A grin creased Finn's handsome face. "I thought you'd never ask."
Finn put his coffee mug down long enough to go upstairs. He came back a minute later with what looked like five reams of paper clutched to his chest. Finn dumped everything onto the kitchen table. Sheets of papers swirled up into the air like snowflakes before settling back onto the table. Photos, maps, old blueprints.
"What is all this?" I asked. "And how many trees did you kill printing it all out?"
"This," Finn said, sweeping his hand out over the mess on the table, "is every scrap of information that I was able to get my hands on concerning your childhood home. Or, at least what's left of it, anyway. Maps, police and aerial photographs, deeds, everything."
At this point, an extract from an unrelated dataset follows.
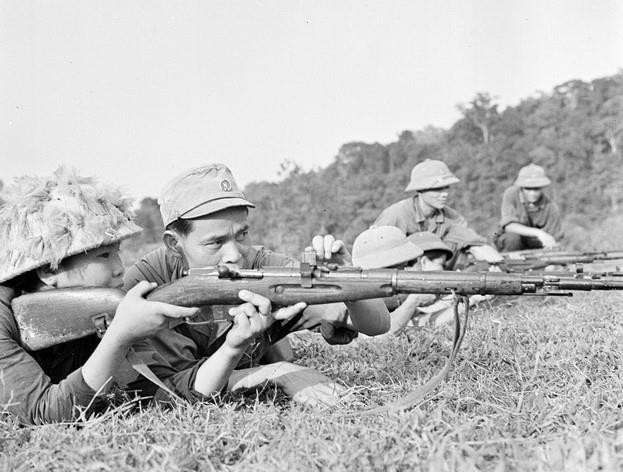 Chiến sỹ đồn 97 công an an nhân dân vũ trang Hà Tĩnh hướng dẫn nhân dân luyện tập quân sự (12/1969). (Ảnh: Phan Huy/ TTXVN)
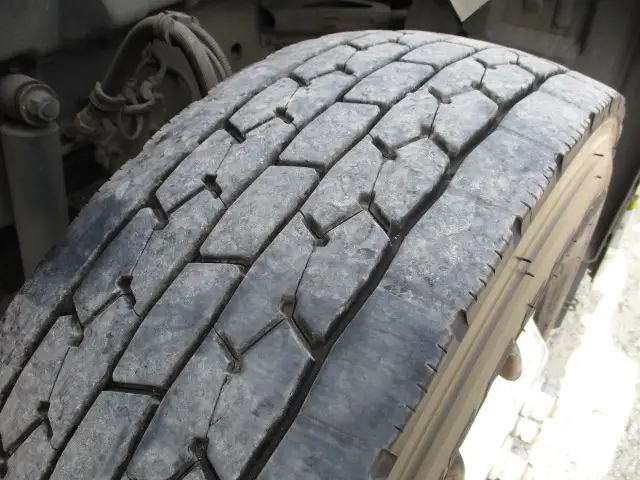 平成26年10月中古大型トラクタヘッド日野プロフィアの画像11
With his massive network of spies and other shady sources, as well as his own computer skills, Finn had the uncanny ability to dig up dirt on the saintliest soul. So I imagined that compiling all the info on my old childhood home hadn't been too much of a stretch for him. Still, the effort touched me because I knew that he was trying to give me the tools I needed to survive my confrontation with Mab. It was something his father, Fletcher, would have done, if the old man had still been alive.
"Actually," Finn said, "it wasn't too hard to get the info, since, well, I sort of own the land now."
My head snapped up. "What? What do you mean you own the land now?"
Finn winced. "Well, Dad left you quite a bit of money, his house, and the Pork Pit in his last will and testament."
"And..."
"And he left me everything else, including all his other real estate holdings. Rental properties, safe houses, and the land where your childhood home was. According to the tax records I found, he bought the land six months after your family was murdered."